*** Opening of SUPPLIED MATERIAL ***
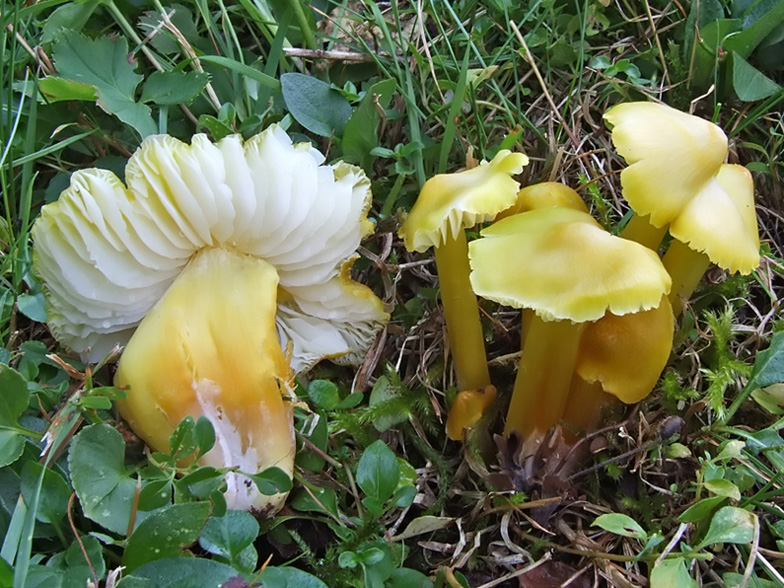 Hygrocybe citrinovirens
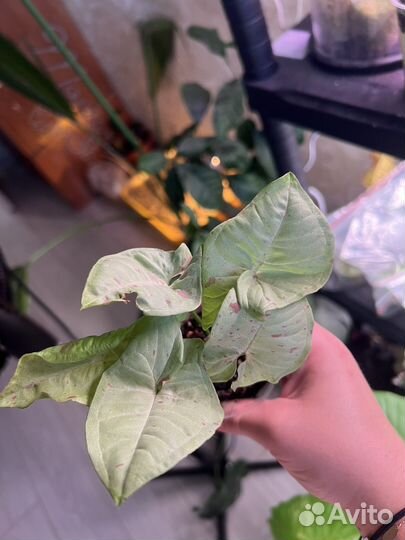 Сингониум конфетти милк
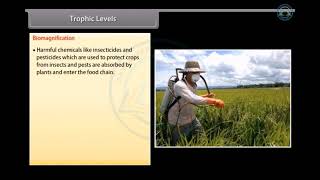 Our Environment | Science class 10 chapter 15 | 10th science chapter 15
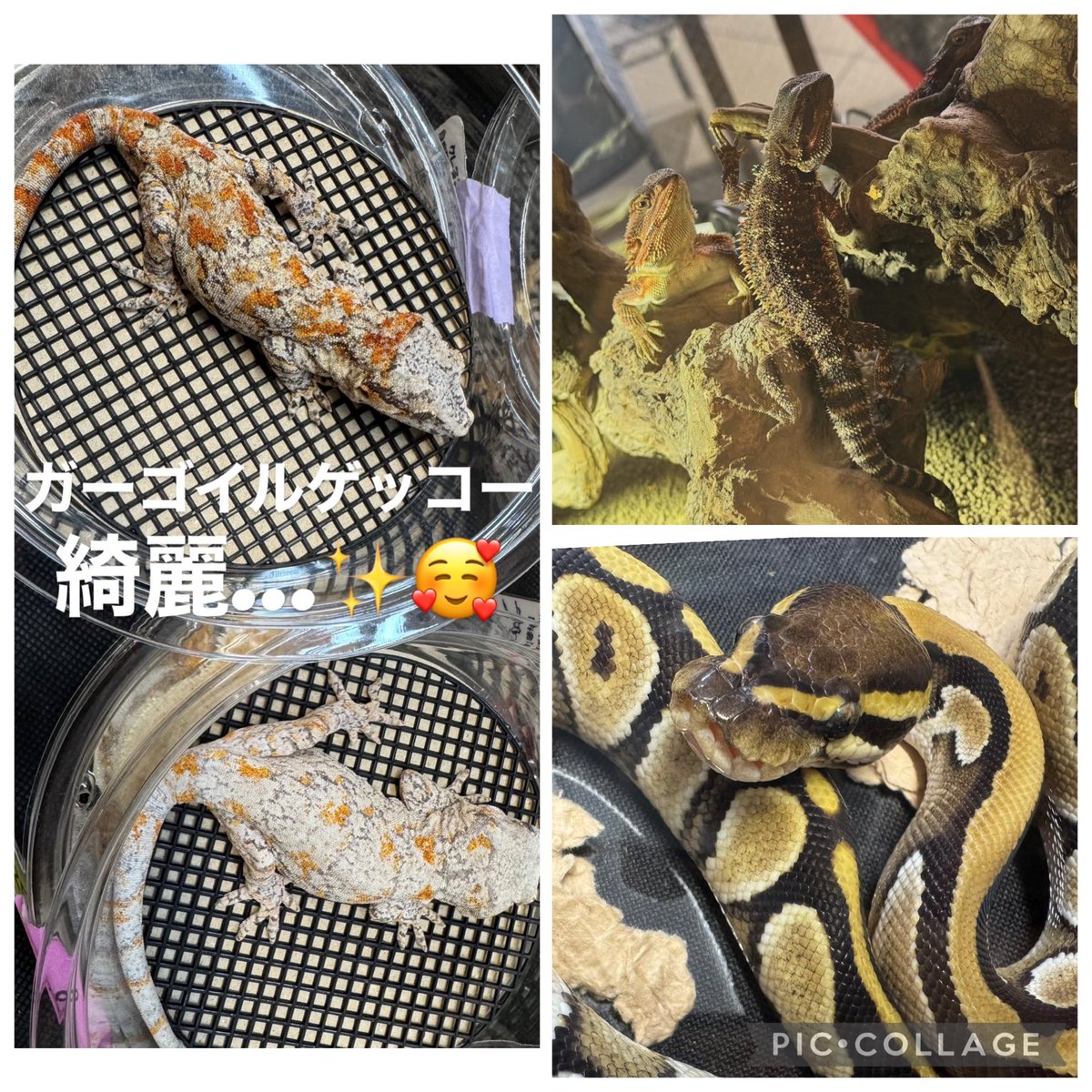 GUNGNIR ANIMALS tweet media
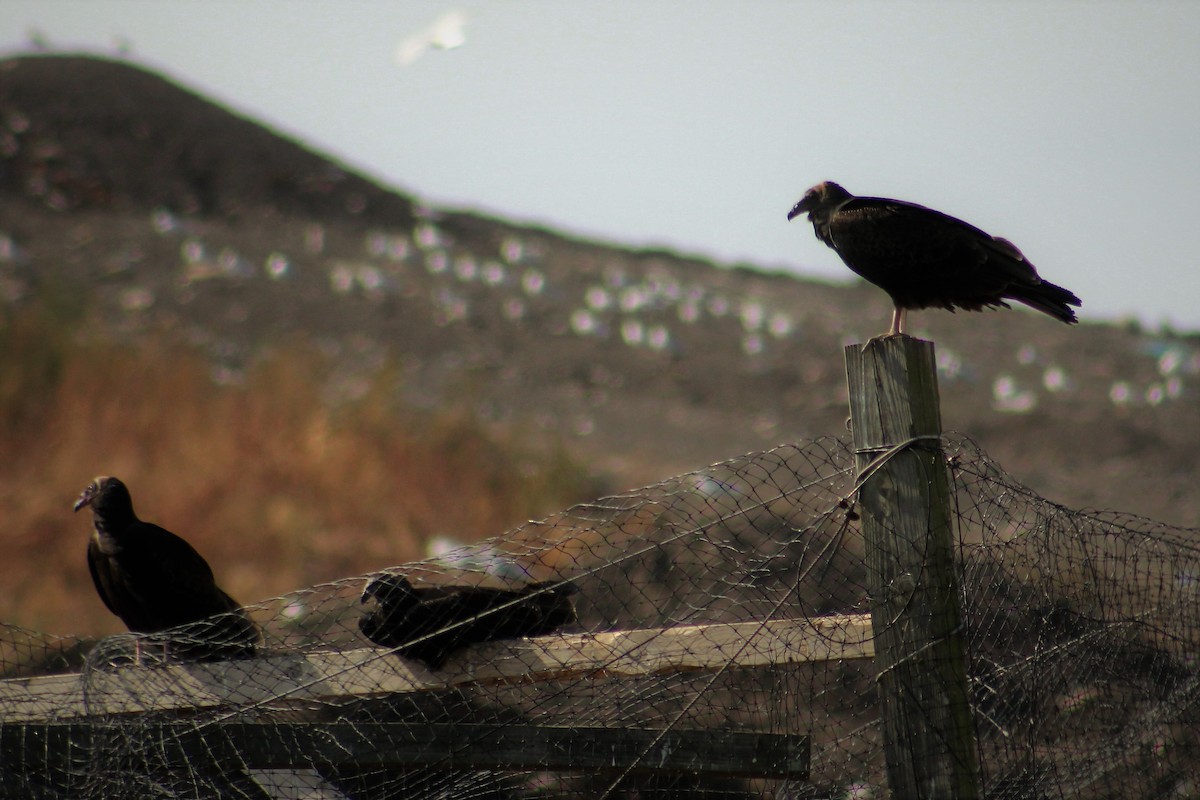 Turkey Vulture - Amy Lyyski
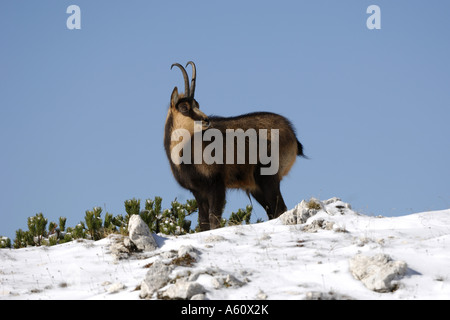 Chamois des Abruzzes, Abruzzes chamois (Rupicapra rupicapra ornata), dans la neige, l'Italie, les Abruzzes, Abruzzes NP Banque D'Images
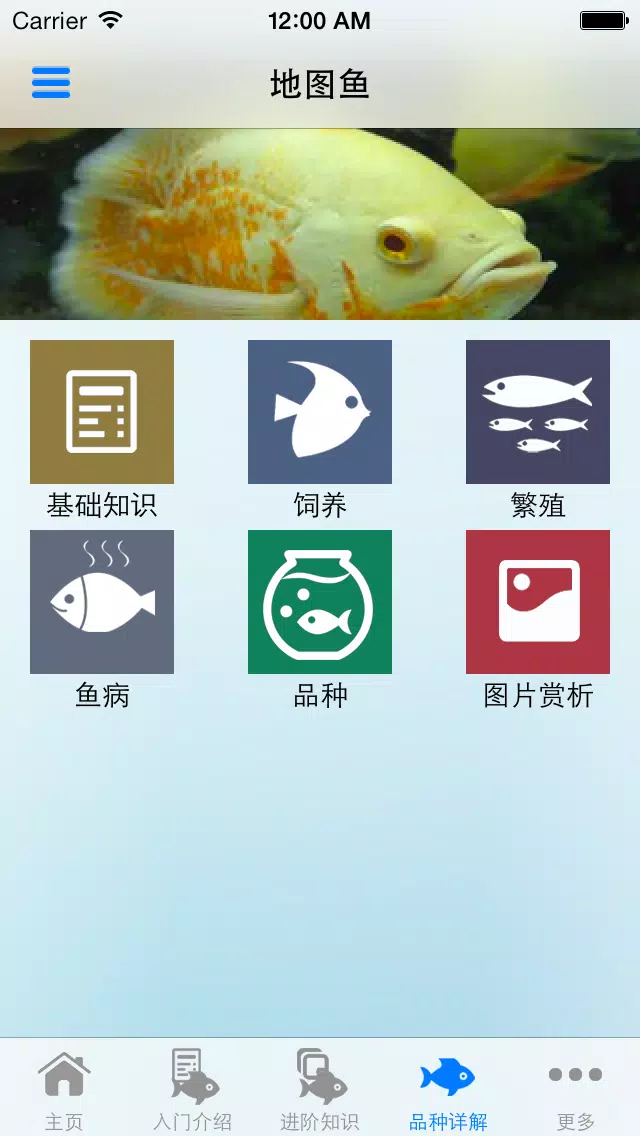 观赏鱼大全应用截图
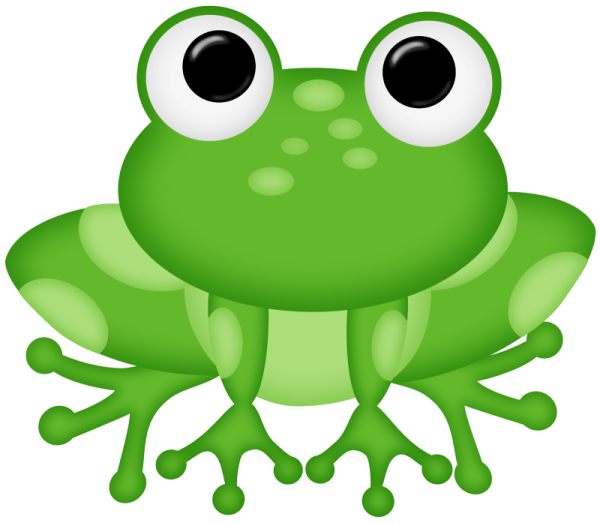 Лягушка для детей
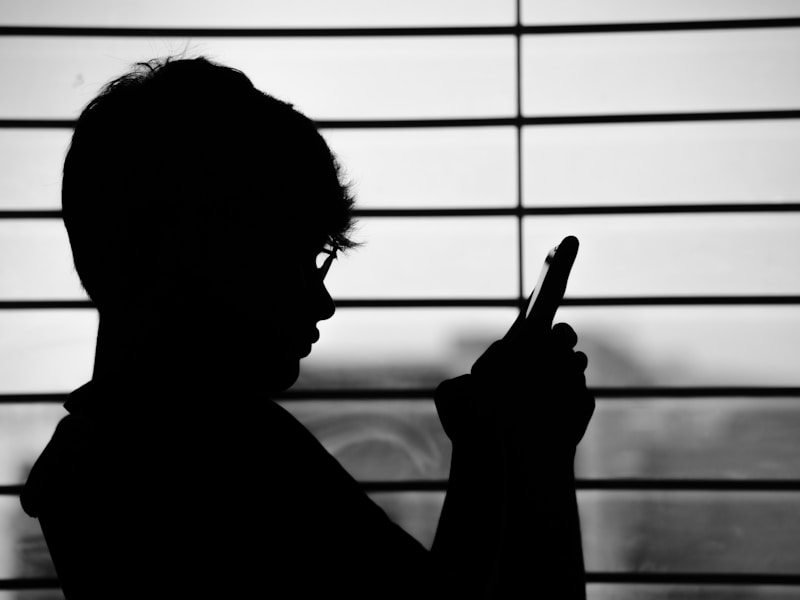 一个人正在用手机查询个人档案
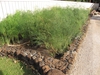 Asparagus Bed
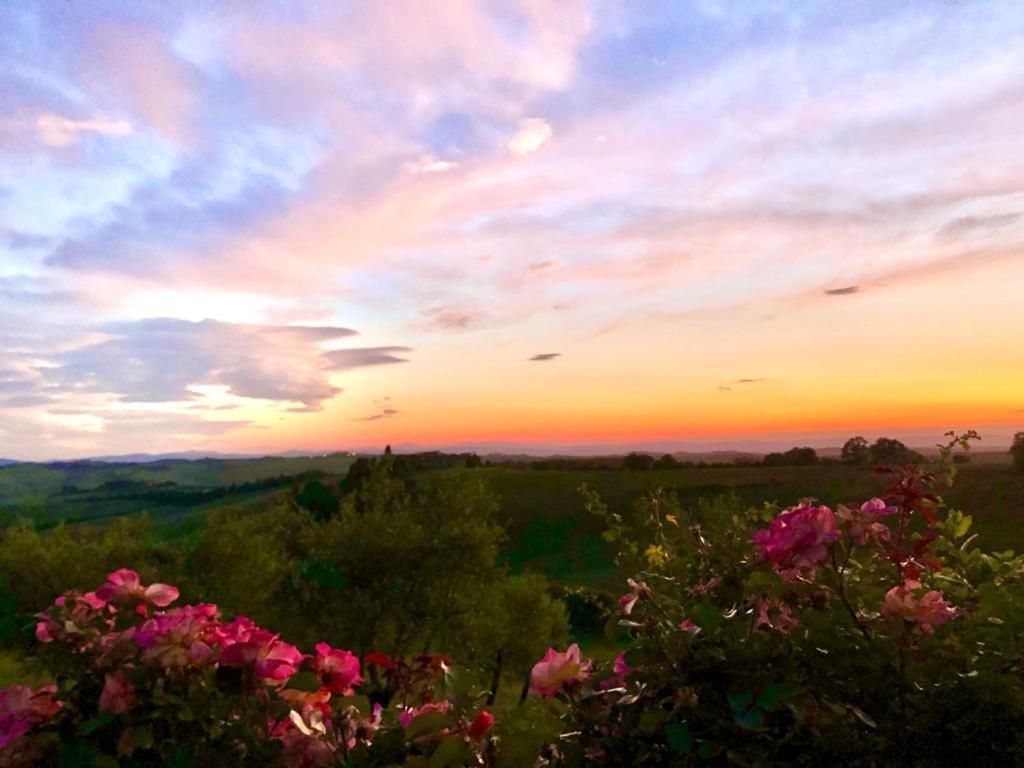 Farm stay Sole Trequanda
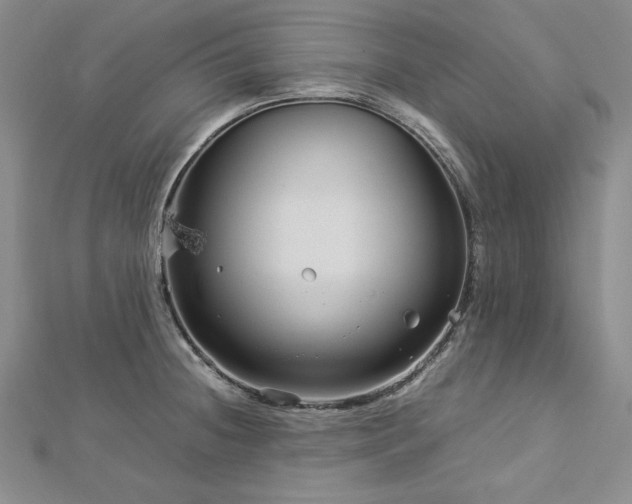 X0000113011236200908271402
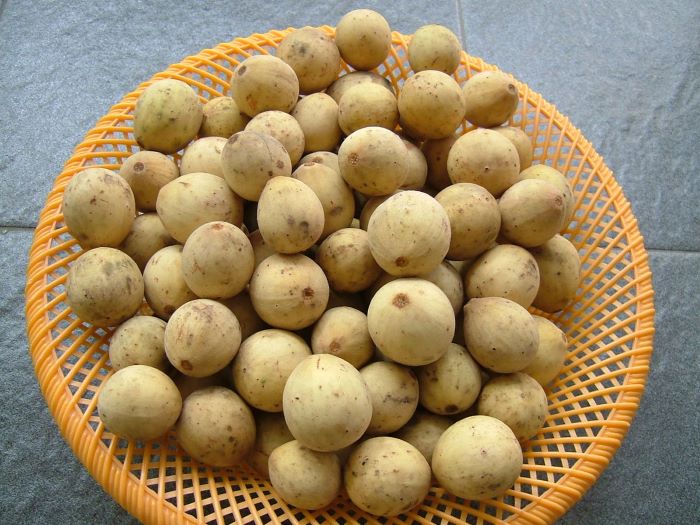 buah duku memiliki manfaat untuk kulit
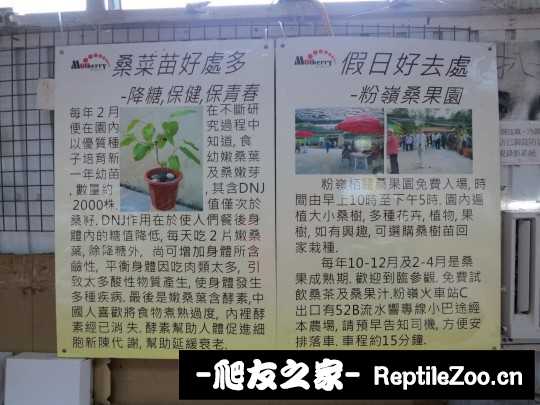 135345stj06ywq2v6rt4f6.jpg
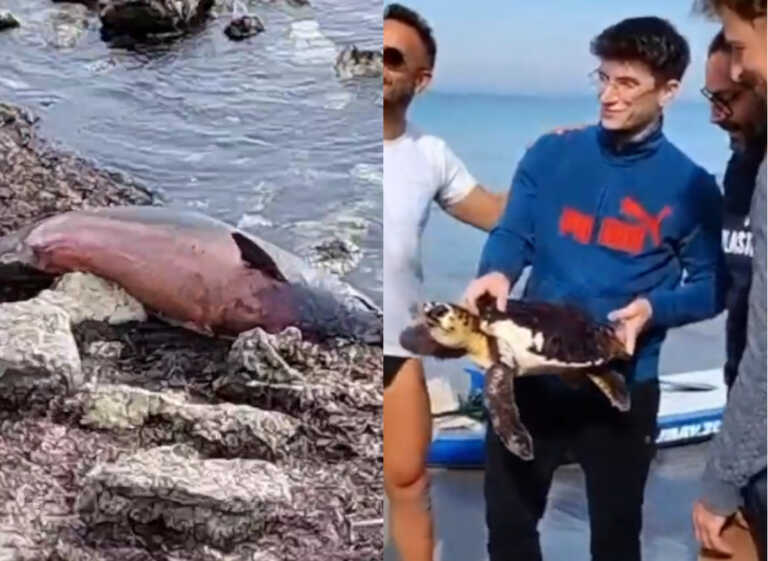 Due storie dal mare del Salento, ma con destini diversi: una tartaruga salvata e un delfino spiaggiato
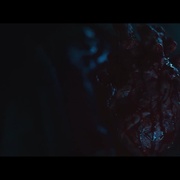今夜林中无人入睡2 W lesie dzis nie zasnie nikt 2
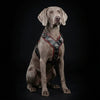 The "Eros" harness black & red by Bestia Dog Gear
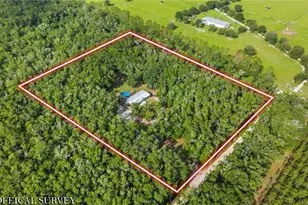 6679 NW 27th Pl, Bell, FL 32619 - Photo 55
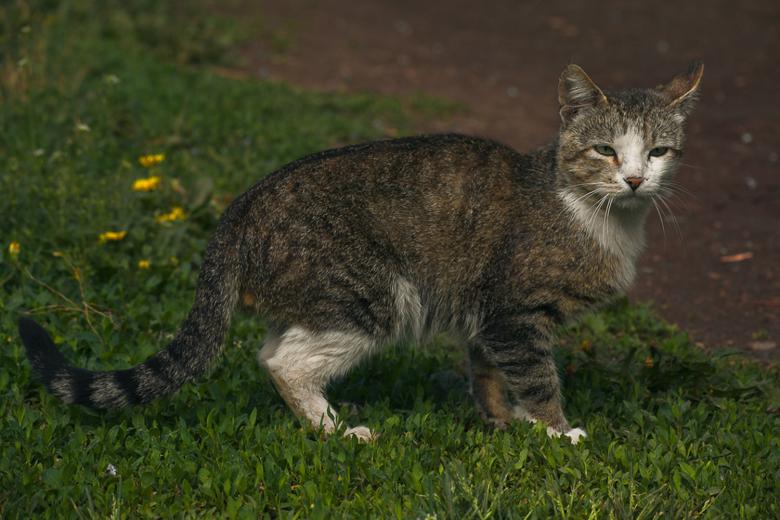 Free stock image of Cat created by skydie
*** Close of SUPPLIED MATERIAL ***
* EXERCISE *
The required output consists only of the lines from the one containing "Farm stay Sole Trequanda" to the last line of the material, reproduced exactly, pictures excluded.

* EXPECTED ANSWER *
 Farm stay Sole Trequanda
 X0000113011236200908271402
 buah duku memiliki manfaat untuk kulit
 135345stj06ywq2v6rt4f6.jpg
 Due storie dal mare del Salento, ma con destini diversi: una tartaruga salvata e un delfino spiaggiato
今夜林中无人入睡2 W lesie dzis nie zasnie nikt 2
 The "Eros" harness black & red by Bestia Dog Gear
 6679 NW 27th Pl, Bell, FL 32619 - Photo 55
 Free stock image of Cat created by skydie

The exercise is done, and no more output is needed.